Task item: The stretch wanted below opens at the line containing "GUERLAIN ゲラン ビューティ トリートメントパウダー ファンデ" and closes at the line containing "Women's Plush Velvet". Please return it exactly, with no other lines.

** Opening Records provided block **

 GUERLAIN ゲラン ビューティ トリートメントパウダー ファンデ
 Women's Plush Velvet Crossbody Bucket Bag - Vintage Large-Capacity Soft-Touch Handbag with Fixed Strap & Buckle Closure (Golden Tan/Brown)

** Closing Records provided block **
** Opening Records provided block **

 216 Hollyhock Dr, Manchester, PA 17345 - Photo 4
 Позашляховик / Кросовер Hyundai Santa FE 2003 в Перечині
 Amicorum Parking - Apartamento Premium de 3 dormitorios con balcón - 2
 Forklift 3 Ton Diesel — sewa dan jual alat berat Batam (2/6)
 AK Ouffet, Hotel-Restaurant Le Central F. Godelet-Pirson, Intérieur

** Closing Records provided block **

Result for this exercise:
 GUERLAIN ゲラン ビューティ トリートメントパウダー ファンデ
 Women's Plush Velvet Crossbody Bucket Bag - Vintage Large-Capacity Soft-Touch Handbag with Fixed Strap & Buckle Closure (Golden Tan/Brown)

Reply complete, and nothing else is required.